• **Problem to solve**:
The response must be the exact lines from the one that contains "Warning Sign With Custom Text Get Signs" through the end of the material, with no pictures and no additional lines.

====== Material supplied

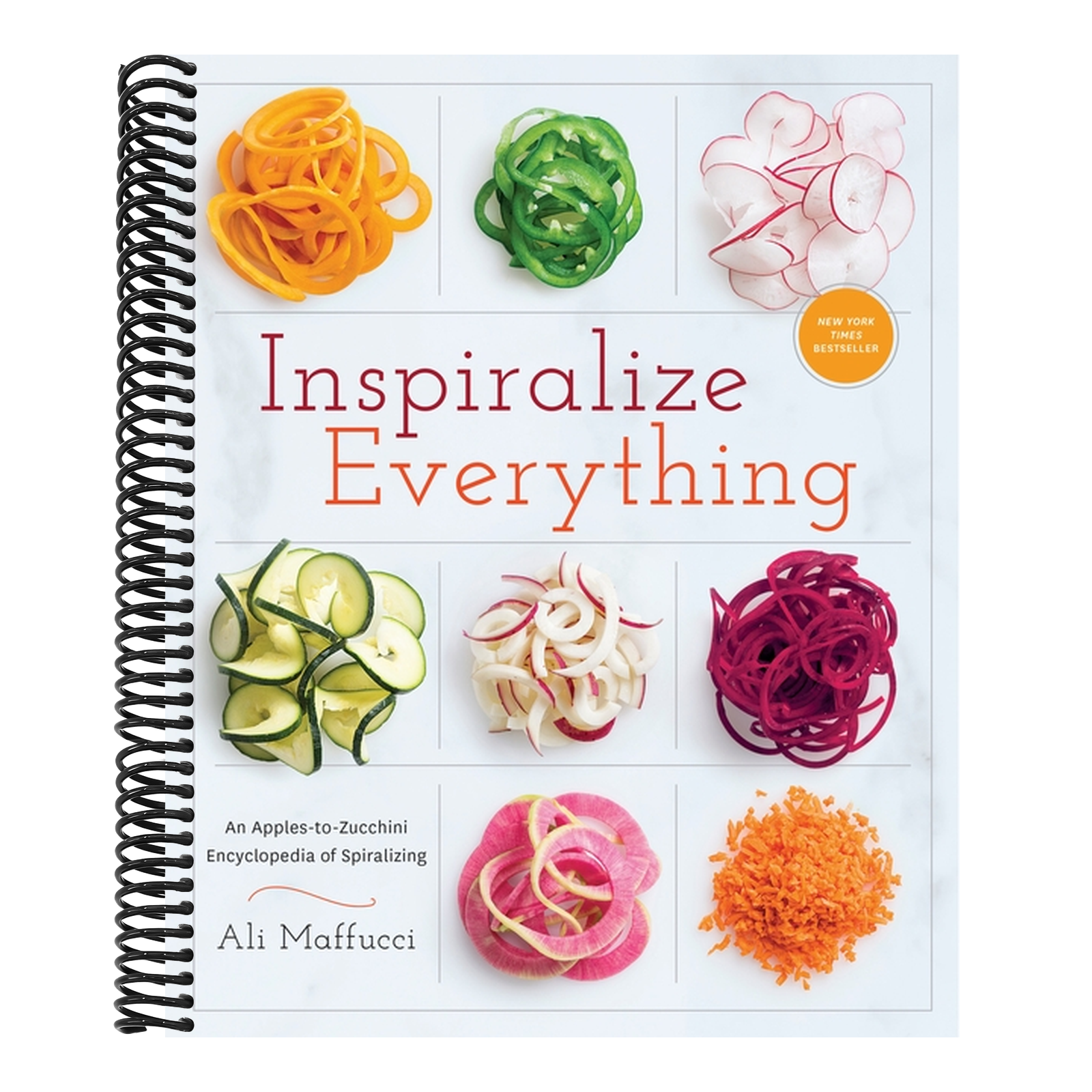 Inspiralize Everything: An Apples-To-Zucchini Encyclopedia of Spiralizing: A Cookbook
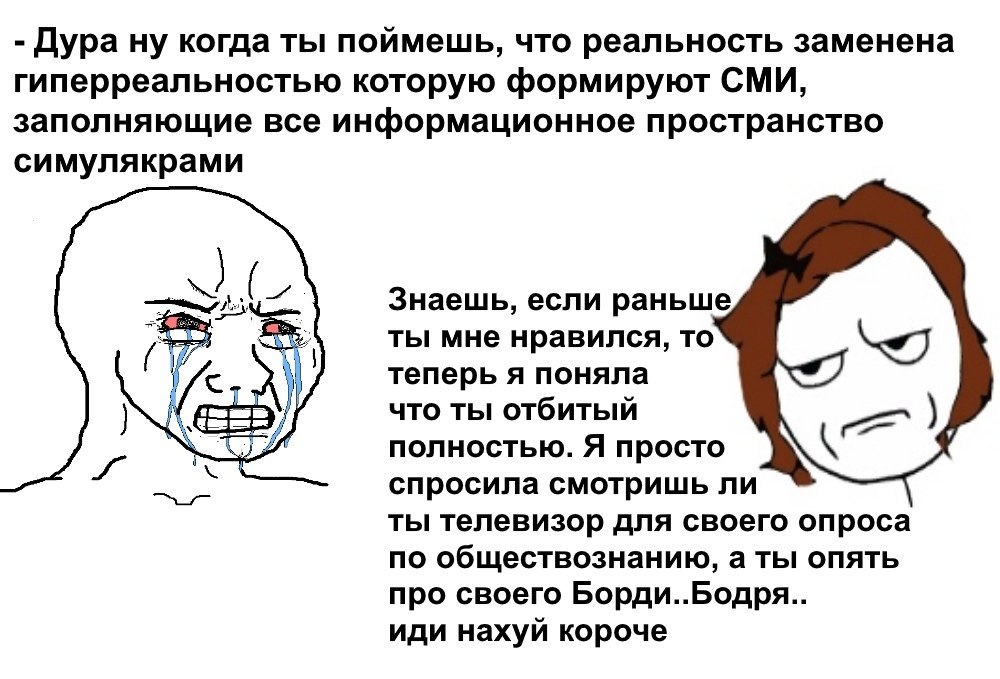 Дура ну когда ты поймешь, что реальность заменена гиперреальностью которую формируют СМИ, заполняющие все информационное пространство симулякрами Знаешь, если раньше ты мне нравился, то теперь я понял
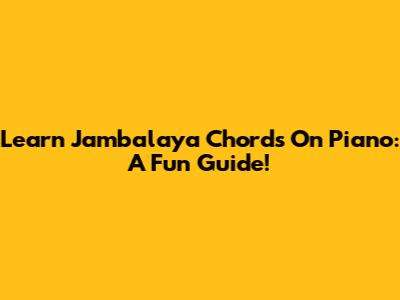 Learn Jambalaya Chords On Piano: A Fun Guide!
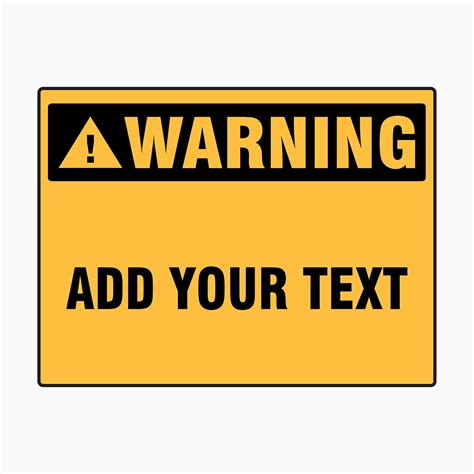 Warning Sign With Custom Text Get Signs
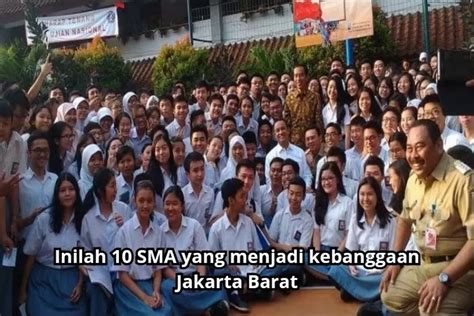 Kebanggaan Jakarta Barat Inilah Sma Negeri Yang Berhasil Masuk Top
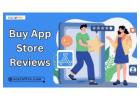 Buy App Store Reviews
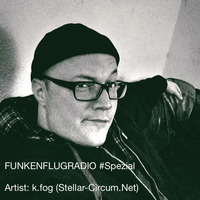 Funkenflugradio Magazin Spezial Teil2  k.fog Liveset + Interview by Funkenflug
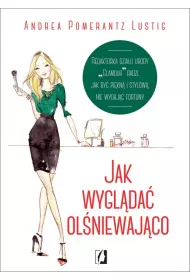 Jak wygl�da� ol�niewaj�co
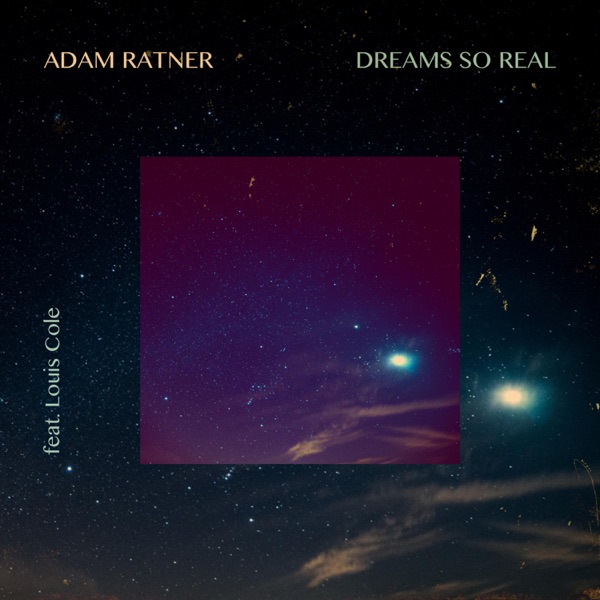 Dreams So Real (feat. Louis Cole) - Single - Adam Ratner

============

• **Problem solution**:
 Warning Sign With Custom Text Get Signs
 Kebanggaan Jakarta Barat Inilah Sma Negeri Yang Berhasil Masuk Top
 Buy App Store Reviews
 Funkenflugradio Magazin Spezial Teil2  k.fog Liveset + Interview by Funkenflug
 Jak wygl�da� ol�niewaj�co
 Dreams So Real (feat. Louis Cole) - Single - Adam Ratner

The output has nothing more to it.